[[ GIVEN DATA, beginning ]]
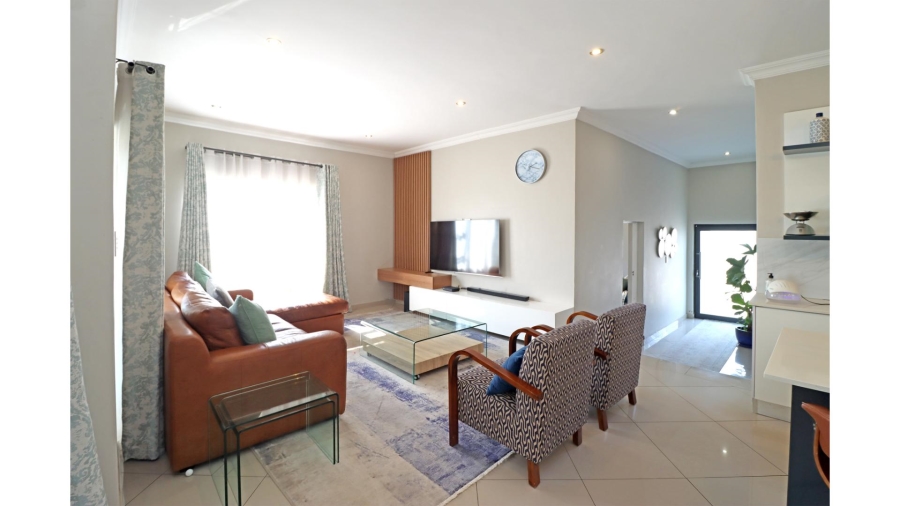 4 Bedroom Property for Sale in Thatchfield Hills Gauteng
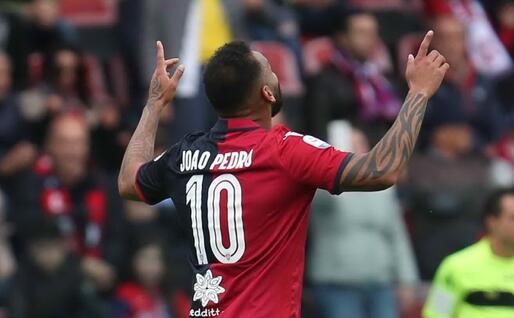 Joao Pedro esulta dopo il gol (Ansa)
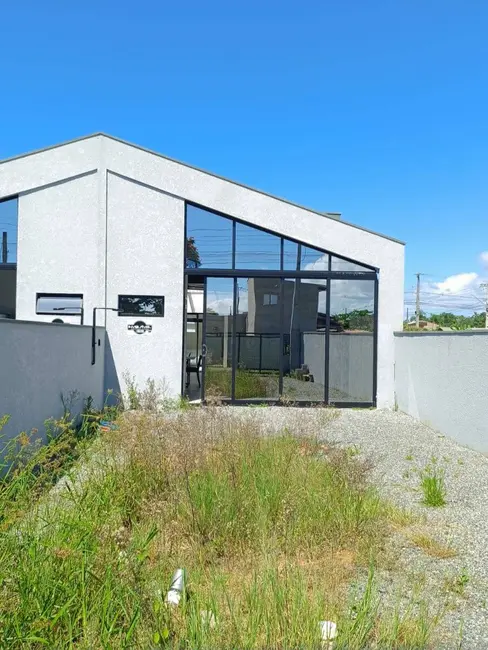 Foto 2 de Casa com 3 quartos à venda, 90m2 em Itapoa - SC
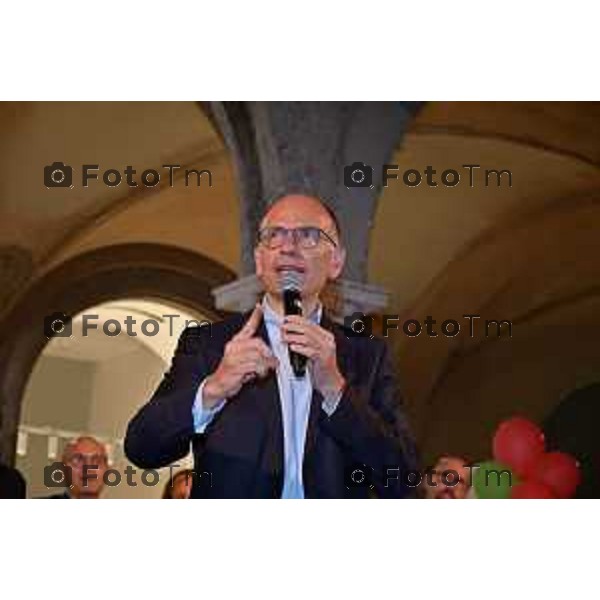 Bergamo Tiziano Manzoni/LaPresse 9- 9 -2022 Italia Cronaca Bergamo l\'ecotour di Enrico Letta, segretario nazionale del Partito Democratico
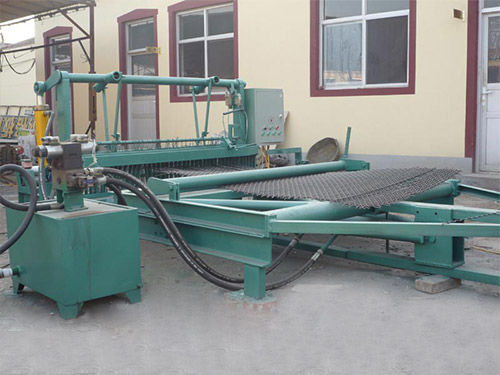 Ткацкий станок гофрированной проволочной сетки - Anping County Hengtai Wire Mesh Machine Produce Co., Ltd.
[[ GIVEN DATA, end ]]
### WHAT YOU WILL DO:
The copy should match the records above exactly, except that pictures are dropped.

### WRITTEN SOLUTION:
 4 Bedroom Property for Sale in Thatchfield Hills Gauteng
 Joao Pedro esulta dopo il gol (Ansa)
 Foto 2 de Casa com 3 quartos à venda, 90m2 em Itapoa - SC
 Bergamo Tiziano Manzoni/LaPresse 9- 9 -2022 Italia Cronaca Bergamo l\'ecotour di Enrico Letta, segretario nazionale del Partito Democratico
 Ткацкий станок гофрированной проволочной сетки - Anping County Hengtai Wire Mesh Machine Produce Co., Ltd.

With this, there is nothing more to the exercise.